L’animateur s’interroge sur l’orientation professionnelle comme « fer de lance » du capitalisme et Prisca confirme la présence d’une logique de marché dans l’apprentissage.
47:46-55:58 : Discussion sur l’âge des élèves au moment de l’orientation (treize-quatorze ans) et les conséquences de ce choix précoce :
* Confrontation au travail trop jeune, avec des conditions de travail difficiles, notamment l’exposition à des produits cancérogènes.
* Difficultés particulières pour les filles dans certains secteurs, comme l’esthétique ou le soin à la personne.
55:59-64:37 : Discussion sur la manière dont les jeunes s’approprient le système d’orientation :
* Prisca évoque son ouvrage sur « l’indocilité » des jeunes face à l’orientation subie.
* Les jeunes expriment un sentiment d’injustice et d’humiliation lié à l’orientation, qu’ils perçoivent comme un mépris de classe.
* Cette humiliation nourrit un sentiment d’injustice qui se poursuit dans la recherche d’une place et la confrontation au travail.
* Les jeunes ont une « sagacité sociologique » et perçoivent les mécanismes de sélection à l’œuvre.
* Leur principale revendication est qu’on les « dépossède de leur jeunesse » en les obligeant à « jouer à l’adulte ».

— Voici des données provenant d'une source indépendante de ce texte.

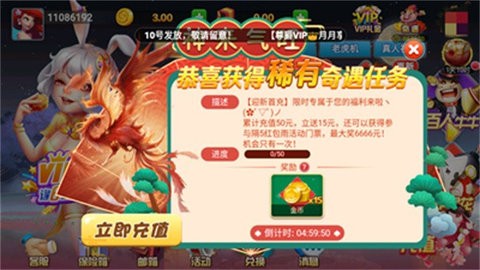 华丰旧版棋牌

64:38-69:05 : L’animateur fait un lien entre le sentiment d’humiliation des jeunes et la montée du vote Front National chez les jeunes, notamment en milieu rural.
Prisca nuance ce lien en soulignant les différences entre les lycées professionnels en milieu rural et en périphérie des grandes villes. Elle conclut en soulignant la colère d’une partie de la jeunesse.
69:06-78:19 : Discussion sur les pistes de réflexion pour un système d’orientation plus juste et au service de la réussite de tous :
* Autoriser les passerelles entre les filières.
* Ouvrir des spécialités pour les filles.
* Penser les ponts avec l’enseignement supérieur.
* Remettre en question la hiérarchisation des savoirs et la dévalorisation des qualifications ouvrières et employées.
* Repenser le rôle de l’évaluation et s’interroger sur son objectif : est-elle au service de l’individu ou de la sélection ?.
L’animateur remercie Prisca pour cet échange qui ouvre des pistes de réflexion sur l’orientation professionnelle en France.